**About this task:**
Your task is to output the listing word for word, with pictures excluded.

=== Begin Enclosure ===

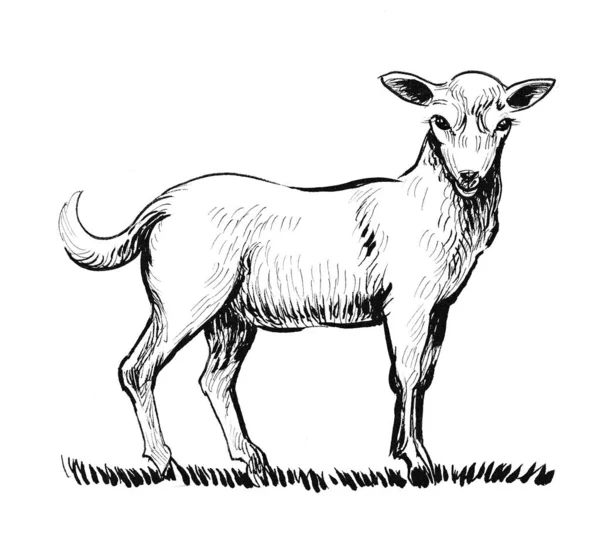 Słodka Owieczka Czarno Biały Rysunek Atramentu — Zdjęcie stockowe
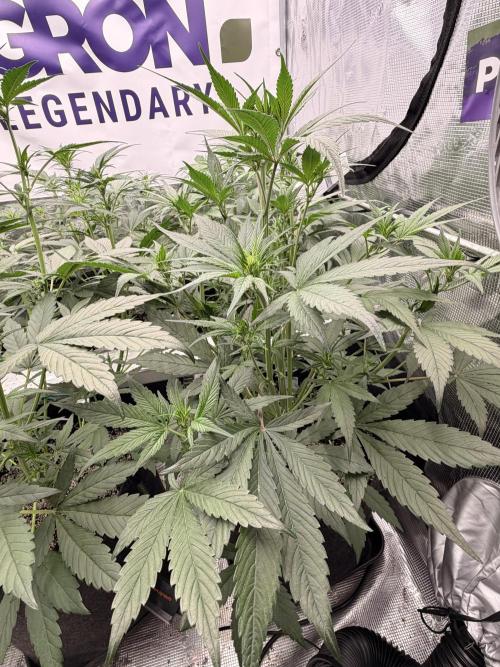 Strawberry Gorilla RF3 Auto. Week 4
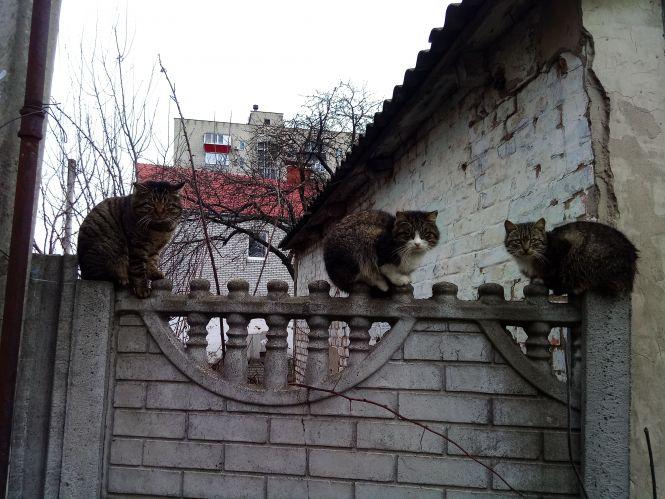 Коти на паркані, розбита клумба і парковка. Фото дня, фото №1 на сайті 20minut.ua
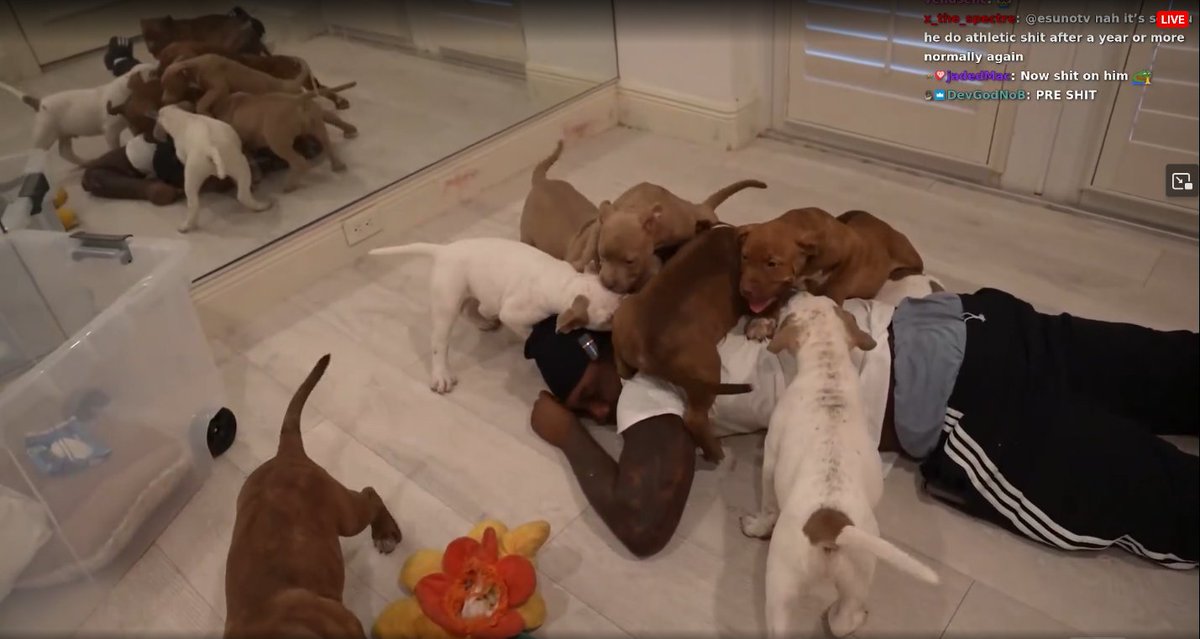 _xdreamscape's tweet photo. all this dog talk makes me miss when they were babies 🥲 https://t.co/KtquaxW0tF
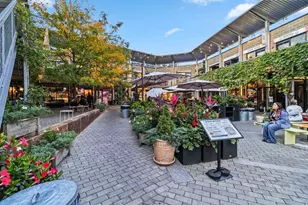 16 Alston St, Somerville, MA 02143 - Photo 37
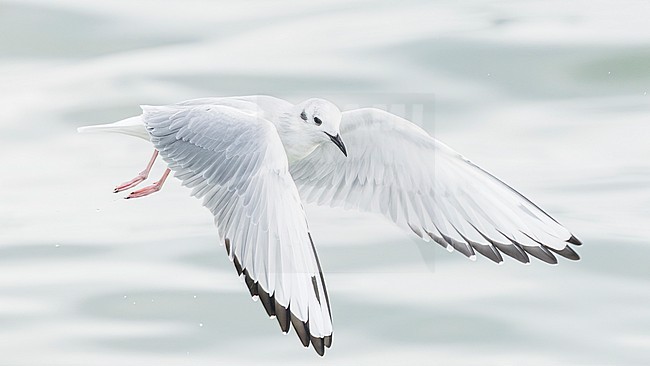 Bonaparte's gull (Chroicocephalus philadelphia) stock-image by Agami/Lennart Verheuvel,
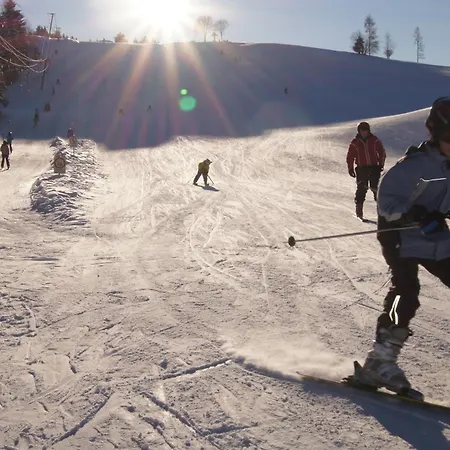 Lejlighed Urlaubsland Sonnfeld Flachau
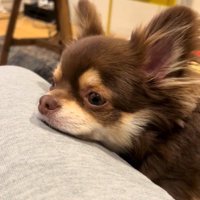 お膝にあご乗せ♡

=== End Enclosure ===

**Solution below:**
 Słodka Owieczka Czarno Biały Rysunek Atramentu — Zdjęcie stockowe
 Strawberry Gorilla RF3 Auto. Week 4
 Коти на паркані, розбита клумба і парковка. Фото дня, фото №1 на сайті 20minut.ua
 _xdreamscape's tweet photo. all this dog talk makes me miss when they were babies 🥲 https://t.co/KtquaxW0tF
 16 Alston St, Somerville, MA 02143 - Photo 37
 Bonaparte's gull (Chroicocephalus philadelphia) stock-image by Agami/Lennart Verheuvel,
 Lejlighed Urlaubsland Sonnfeld Flachau
 お膝にあご乗せ♡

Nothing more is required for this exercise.